Sarah Coope

Personal information
- Full name: Sarah Coope
- Nationality: British

Sport
- Country: Great Britain
- Sport: Triathlon
- Partner: Glenn Cook

Medal record
Representing United Kingdom
Women's Triathlon
ETU Triathlon Championships
| Gold medal – first place | ETU European Championships | 1987 Marseille |
ETU European Middle Distance Triathlon Championships
| Gold medal – first place | ETU Middle Distance Triathlon Championships | 1987 Roth |
| Gold medal – first place | ETU Middle Distance Triathlon Championships | 1988 Stein |
| Silver medal – second place | ETU Middle Distance Triathlon Championships | 1986 Brasschaat |
ETU Long Distance Triathlon Championships
| Gold medal – first place | ETU Long Distance Triathlon Championships | 1987 Joroinen |
| Gold medal – first place | ETU Long Distance Triathlon Championships | 1989 Rodekro |
| Bronze medal – third place | ETU Triathlon Championships | 1987 Milton Keynes |
ETU Duathlon Championships
| Gold medal – first place | ETU Duathlon Championships | 1991 Birmingham |
Ironman World Championships
| Bronze medal – third place | Ironman World Championships | 1991 Hawaii |

= Sarah Coope =

British triathlete

Sarah Coope is a British former professional triathlete and current triathlon coach.

==Triathlon career==
From 1985 to 1989 Coope competed in eight European Triathlon Union (ETU). sanctioned races, before participating in the inaugural International Triathlon Union (ITU) Triathlon World Championships in Avignon, placing 12th.
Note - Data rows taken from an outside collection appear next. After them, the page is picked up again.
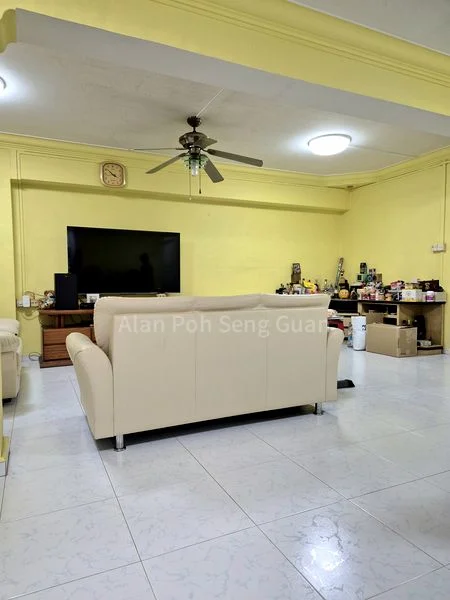 5 Room (5I) HDB for Rent in  124 Pasir Ris Street 11 - Image 1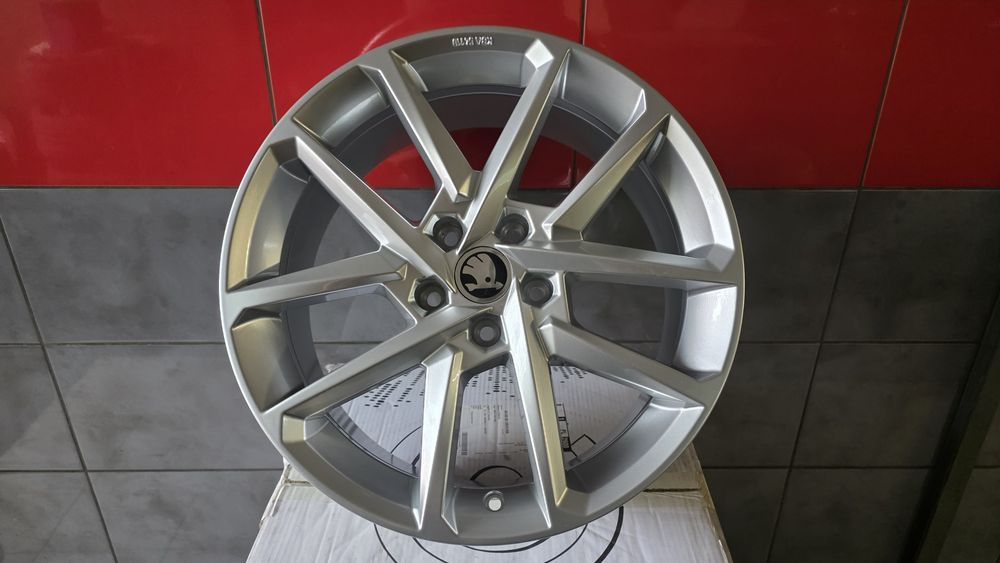 Nowe! Felgi 18" 5x112 Skoda Oktawia Superb VW Golf VIII Turan Sharan Świdnik montaż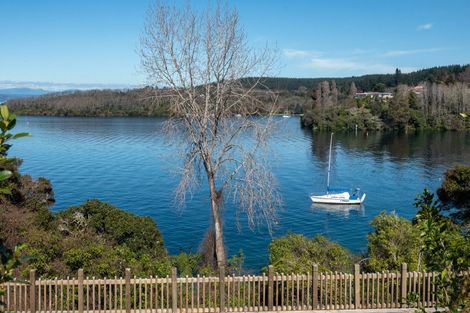 Photo of property in 828 Wily Terrace, Acacia Bay, Taupo, 3330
She was one of two British female triathletes at the race, with her compatriot Cathy Bow finishing 24th.

She went on to compete internationally until 1992, and is considered the most victorious British triathlete of the 1980s, taking the title of ETU European Triathlon Champion five times at three different distances, standard, middle and long.

She also became the European duathlon champion in 1991.

She moved to long-course triathlon in the latter years of her career, placing third woman overall at the 1991 Ironman World Championships in Kailua-Kona, Hawaii.

==Post triathlon career==
Coope now runs a coaching business in Eastbourne, Team Bodyworks, with her partner Glenn Cook, a fellow former triathlete, Team GB coach and Olympic selector.

==Personal life==
Coope lives with her partner in Eastbourne.

They have four daughters together: Chloe Cook is a professional triathlete competing within the ITU and at Ironman 70.3 distances, Ysabel cook, Grace cook and her younger sister Beth is also an aspiring triathlete with a number of successes in the junior ranks.